# What is being asked
Where the records below reach the line containing "X0000091590176200708201238", start transcribing, and end with the line containing "Corgi Charlie ๐ถ๐", exactly and with nothing else added.

# Input data
---*---
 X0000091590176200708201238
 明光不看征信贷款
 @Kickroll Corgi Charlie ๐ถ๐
---*---
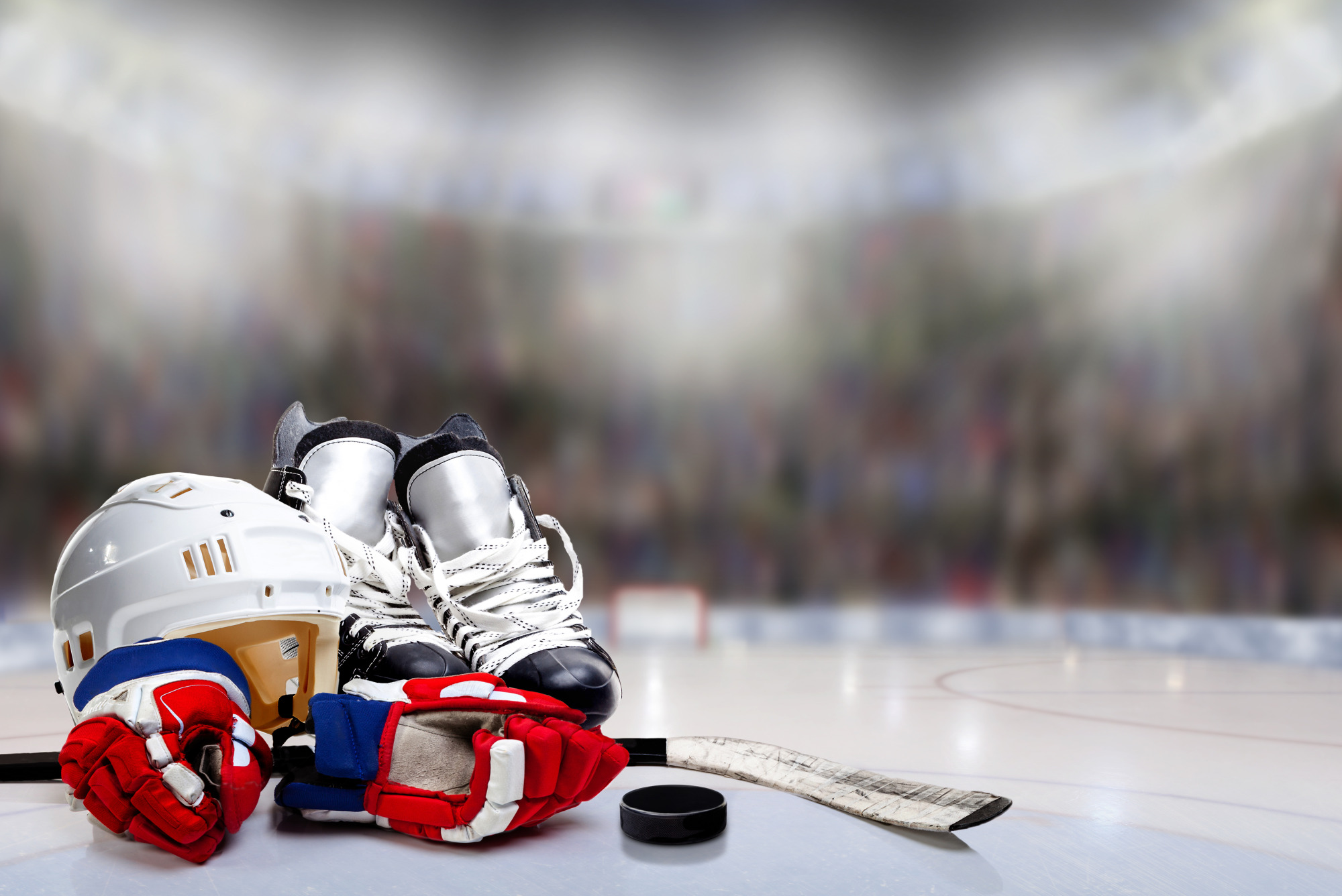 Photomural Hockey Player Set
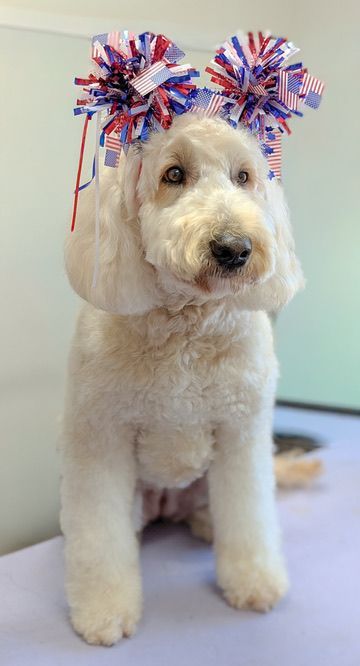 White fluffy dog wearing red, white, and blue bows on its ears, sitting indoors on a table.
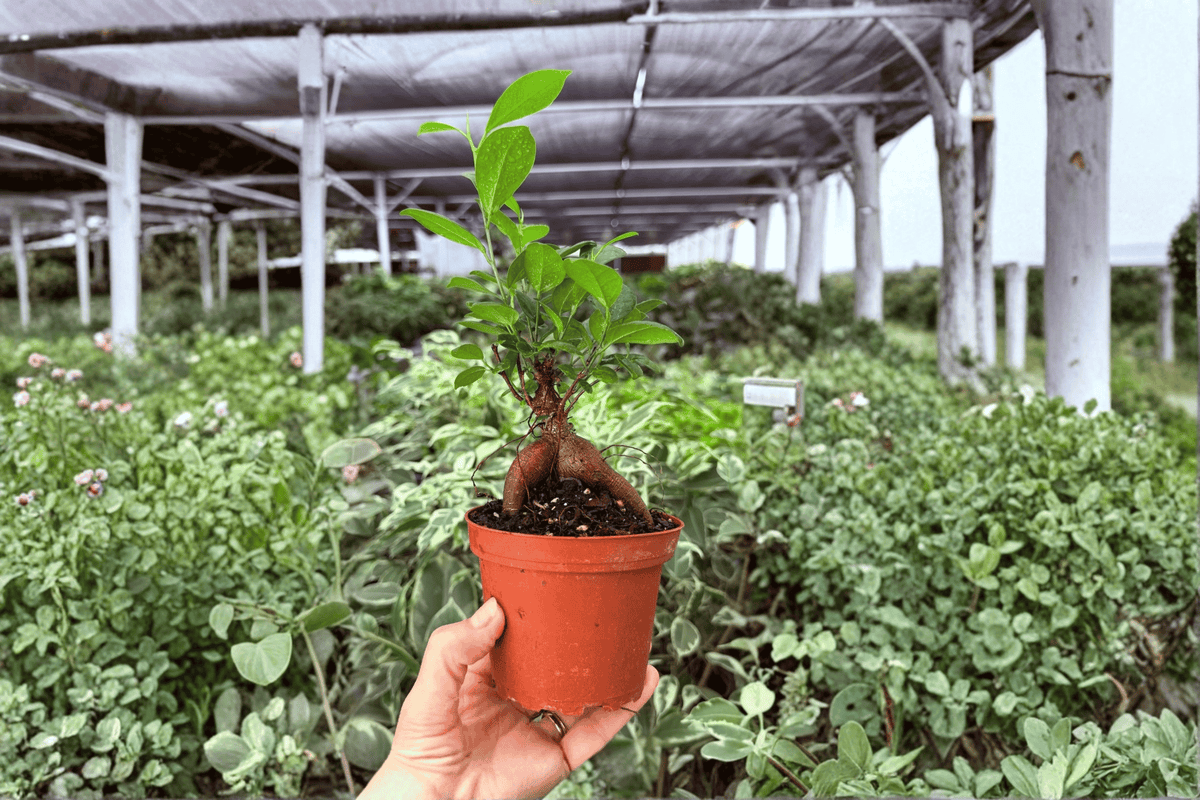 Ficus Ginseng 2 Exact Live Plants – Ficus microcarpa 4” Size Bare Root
---*---
# Written response
 X0000091590176200708201238
 明光不看征信贷款
 @Kickroll Corgi Charlie ๐ถ๐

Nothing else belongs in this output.